Software continues to grow as the driver of today’s global economy, and how a company’s applications perform is critical to retaining customer loyalty and business. People now demand instant gratification and will not tolerate latency — not even a little bit.
As a result, application performance monitoring is perhaps more important than ever to companies looking to remain competitive in this digital economy. But today’s APM doesn’t look much like the APM of a decade ago. Performance monitoring then was more about the application itself, and very specific to the data tied to that application. Back then, applications ran in datacenters on-premises, and written as monoliths, largely in Java, tied to a single database. With that simple n-tier architecture, organizations were able to easily collect all the data they needed, which was then displayed in Networks Operations Centers to systems administrators. The hard work came from command-line launching of monitoring tools — requiring systems administration experts — sifting through log files to see what was real and what was a false alarm, and from reaching the right people to remediate the problem.

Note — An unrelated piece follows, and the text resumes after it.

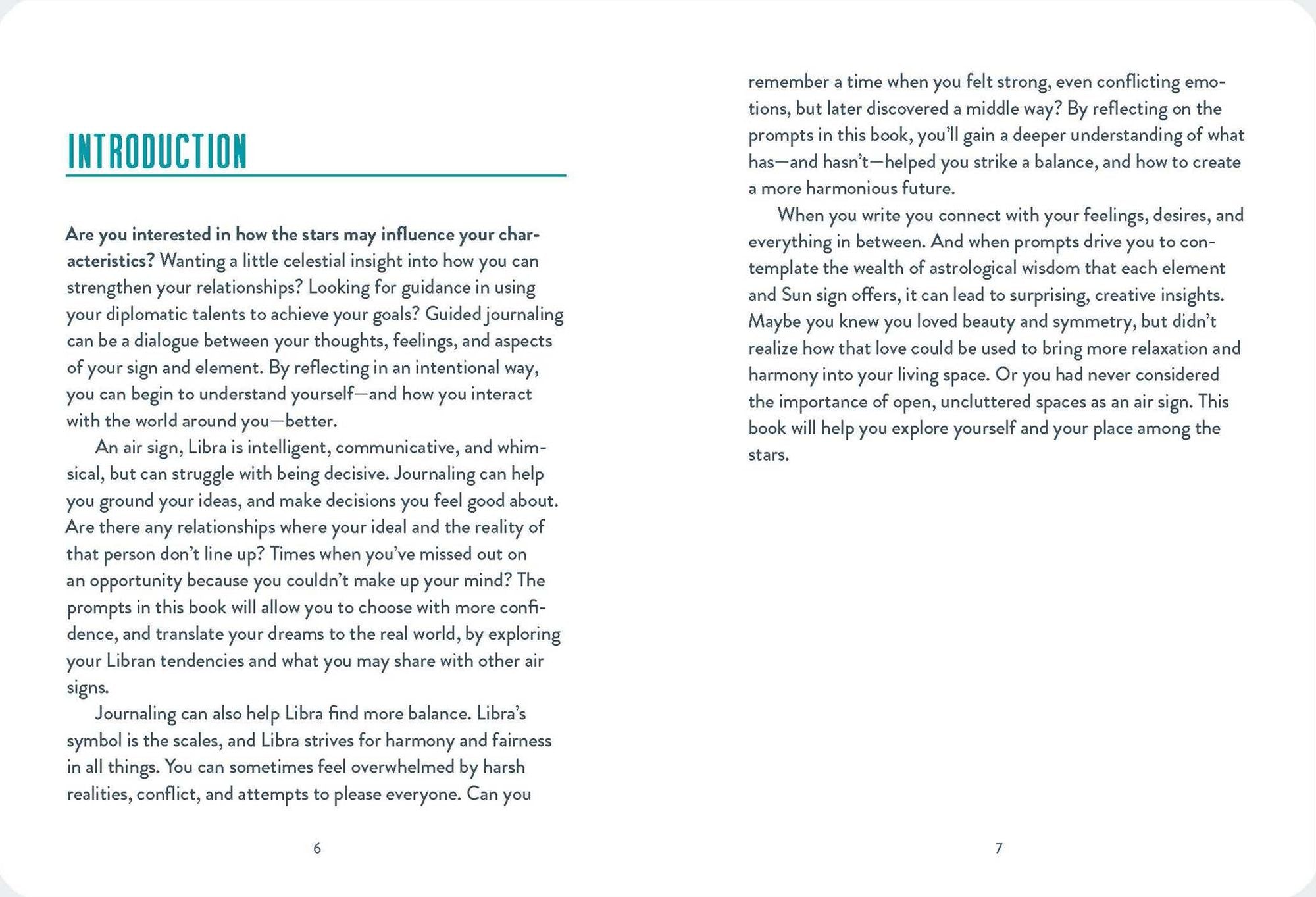 Libra A Guided Journal - Image 4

In today’s world, doing APM efficiently is a much greater challenge. Applications are cobbled together, not written in monoliths. Some of those components might be running on-premises while others are likely to be cloud services, written as microservices and running in containers. Data is coming from the application, from containers, Kubernetes, service meshes, mobile and edge devices, APIs and more. The complexities of modern software architectures broaden the definition of what it means to do performance monitoring.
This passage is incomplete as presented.